F. The disturbance causes clinically significant distress or impairment in social, occupational, or other important areas of functioning.

Specify if:

Acute: if duration of symptoms is less than 3 months
Chronic: if duration of symptoms is 3 months or more

Specify if:

With Delayed Onset: if onset of symptoms is at least 6 months after the stressor
If you take notice of this, you need to have from A. to F. and meet certain quantities of criteria within some of those to be diagnosed with PTSD. You then need to be assessed as either Acute or Chronic and then whether delayed onset has occured.

anthony
14-04-2006, 09:53 PM
Another article on PTSD definition expanding (http://www.foodconsumer.org/777/8/PTSD_definition_expanding.shtml).

However, the definition has been expanding to include any life-threatening disease; sexual abuse; violent crime; experiencing a hurricane, tornado, or fire, or being a political refugee.

Most people eventually recover from traumatic experiences. But some -- about 10 percent -- who experience a traumatic event will not recover but have repeated nightmares or scary thoughts about the experience.

With PTSD, the person "relives" the event and experiences great anxiety, is hyper-vigilant, startles easily and has difficulty concentrating. The recurring episodes can be so upsetting that a person avoids people or environments that tend to trigger them.

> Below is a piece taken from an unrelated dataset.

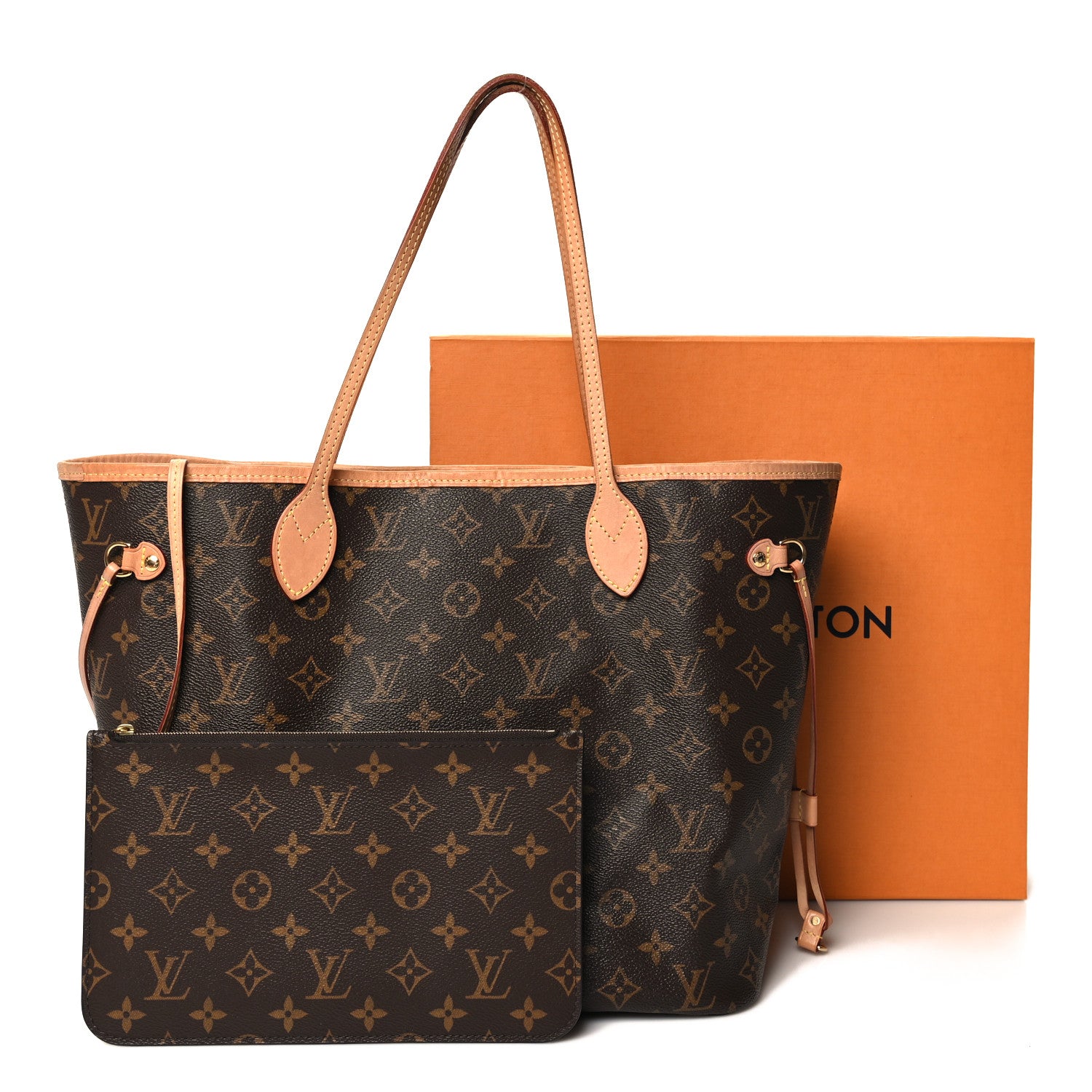 Louis Vuitton Monogram Neo Neverfull MM 12 of 12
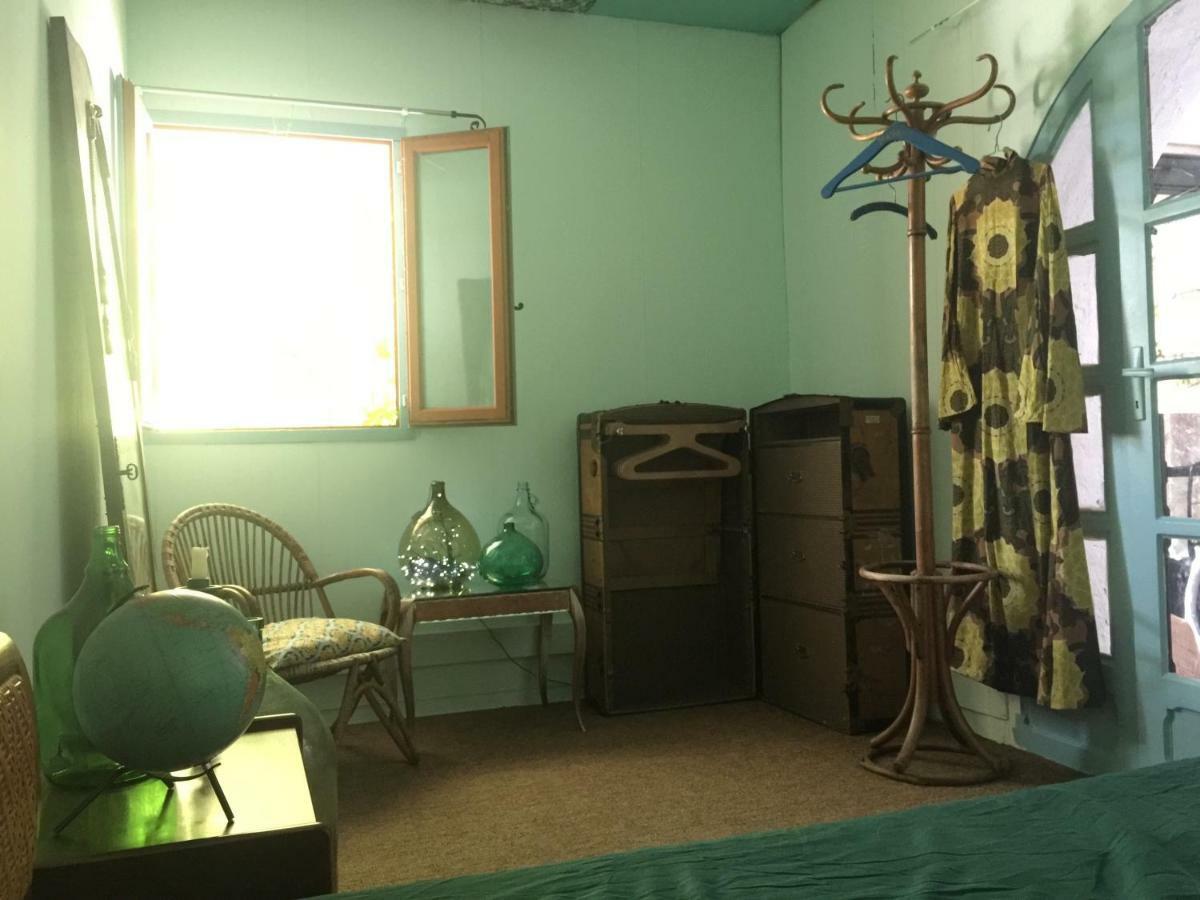 La Chambre Des Etangs Фрежюс Экстерьер фото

By definition, symptoms must last at least one month -- shorter episodes are designated as acute stress disorder.

Parents of children with cancer commonly suffer symptoms of post-traumatic stress, both during treatment and years after their children survive the disease, according to researchers at The Children's Hospital of Philadelphia.

I bolded above my analysis of this situation. Physicians are being confused, and misdiagnosing through this type of thinking, being "suffer symptoms off" and not actually suffer all required symptoms to be classified as PTSD. I have been reading alot today on different variations of how PTSD is inflicted, diagnosis and traumas associated with variations off PTSD, and everything points to physicians just using PTSD as a broad spectrum to give people a name, instead of actually saying, they have Posttraumatic stress, or acute anxiety disorder, or are merely depressed, and so forth, instead they have one or two symptoms, all of which are quite cureable, but label them with PTSD.

I think this actually does the person worse than anyone else, as they think they have something they don't. As anyone here who has PTSD knows, there is no mistaking PTSD when you have it, as it doesn't come close to symptoms alone of PTSD, instead you get hit by everything, and sometimes at once.

anthony
14-04-2006, 09:55 PM
I see much of this misdiagnosis like this; in that if you say you had PTSD and have been cured, then I think you where misdiagnosed, because PTSD is not curable, and that is a medical fact.